Recurso interposto em 11 de Fevereiro de 2009 — Nycomed Danmark/EMEA

(Processo T-52/09)

(2009/C 82/58)

Língua do processo: inglês

Partes

Recorrente: Nycomed Danmark ApS (Roskilde, Dinamarca) (Representantes: C. Schoonderbeek, H. Speyart van Woerden, advogados)

Recorrida: Agência Europeia de Medicamentos

Pedidos da recorrente

Fundamentos e principais argumentos

Através do presente recurso, a recorrente pretende a anulação, nos termos do artigo 230.o CE e do artigo 73.o-A do Regulamento (CE) n.o 726/2004 (1), conforme alterado pelo Regulamento (CE) n.o 1901/2006 (2) do Parlamento Europeu e do Conselho, da decisão «EMEA-000194-IPI01-07» adoptada em 28 de Novembro de 2008 pela Agência Europeia de Medicamentos («EMEA») que indefere o seu pedido de isenção para um determinado produto de acordo com o artigo 11.o, n.o 1, alínea b) do regulamento supracitado.

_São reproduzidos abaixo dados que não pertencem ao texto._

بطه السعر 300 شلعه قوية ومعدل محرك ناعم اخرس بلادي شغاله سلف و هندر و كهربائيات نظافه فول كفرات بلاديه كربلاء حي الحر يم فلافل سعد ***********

A recorrente pede essa isenção para um aparelho de imagiologia de ecocardiogramas por ultra-som destinado a ser comercializado sob a marca Imagify e projectado para diagnosticar doenças arteriais coronárias («CAD») em adultos. Através da decisão contestada, a EMEA indeferiu o pedido da recorrente considerando que a doença ou a patologia a que o medicamento em questão se destina não é uma CAD mas um defeito de perfusão do miocárdio, que também ocorre em crianças.

A recorrente alega que a decisão é ilegal porque está baseada numa interpretação e aplicação do conceito de «doença ou patologia a que o medicamento […] em questão se destina» na acepção do artigo 11.o n.o 1, alínea b), do Regulamento (CE) n.o 1901/2006 que, de acordo com a recorrente, é incorrecta por não ter em consideração a indicação terapêutica requerida no concomitante pedido de autorização comunitária de introdução no mercado e que defeitos de perfusão do miocárdio não são uma doença ou patologia, mas um sintoma de várias doenças.

A recorrente alega ainda que a decisão indeferida é ilegal por ser uma tentativa de a EMEA abusar dos seus poderes, atribuídos pelos artigos 11.o, n.o 1, alínea b) e 25.o do Regulamento (CE) n.o 1901/2006, para atingir um fim que não está previsto nessas disposições, nomeadamente, a obrigação de propor um plano de investigação pediátrica para indicações que não estão abrangidas pelo concomitante pedido de autorização comunitária de introdução no mercado.

(1)  Regulamento (CE) n.o 726/2004 do Parlamento Europeu e do Conselho de 31 de Março de 2004 que estabelece procedimentos comunitários de autorização e de fiscalização de medicamentos para uso humano e veterinário e que institui uma Agência Europeia de Medicamentos (JO L 136, p. 1).

(2)  Regulamento (CE) n.o 1901/2006 do Parlamento Europeu e do Conselho de 12 de Dezembro de 2006 relativo a medicamentos para uso pediátrico e que altera o Regulamento (CEE) n.o 1768/92, a Directiva 2001/20/CE, a Directiva 2001/83/CE e o Regulamento (CE) n.o 726/2004 (JO L 378, p. 1).